Regarding the similarities with the Grunfeld: 1.c4 Nf6 2.Nc3 g6 3.d4 d5 4.cxd5 Nxd5 5.e4 Nxc3
Here is what IM Danny Rensch has to say on this position: "Black would rather trade knights than have to retreat to a passive position. Also by giving White a weak pawn on c3 Black insures that they will have counterplay." From Chess Mentor. Lesson on the Grunfeld. My feeling in this position is that black will never let the c pawn catch up with the other neighbouring pawns, thus remaining a backward pawn.
You know the difference between the position in the Grünfield and this one? In the grünfield position white already pushed e4. This of course, makes a huge difference.

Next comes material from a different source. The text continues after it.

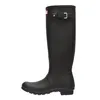 Hunter Boty Original Tall, WFT1000RMABLACK Náhled obrázku produktu 45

I agree with IM pfren. The problem with Nxc3 is it opens the b-file. So maybe Nb6 is the best move, thank you!
chessmasters2004, I know, I know, it's quite obvious. somehow, I forgot to mention it. Anway, you're right, it makes all the difference.
The problem with Nxc3 is that after an eventual Rb1 white is threatening b7, and Black is (supposedly) forced to misplace the b8 knight to d7. However, it seems that Black may afford falling into the "trap"- Chinese GM Li Chao seems happy to play the Black hand.
Black's compensation seems reasonable after both 11.Nf3 and 11.f3. I have not analysed the position to any depth, but the chinese players apparently have.In any case, 5...Nxc3 is ages better than 5...e6? which just shows poor positional understanding- white simply develops with Nf3,0-0,d4 etc and Black has a real problem with the development of his queenside (and the Bc8 in particular), let alone some softness on the kingside dark squares.
There is also 5...Nb6 (currently the most popular at high level), which is normal, safe chess.
5...c6 is of course playable, but you shouldn't expect white to be dumb enough to reply with the lemon 6.Nxd5 - would you?
With due respect to Mr. IM i would like to add that without letting white play e2-e4 if black plays Nxc3?! , then white gets a much better version of Grunfeld and therefore at very top level Nb6 is more played.
With due respect to your chess authority, you have no clue. Regards.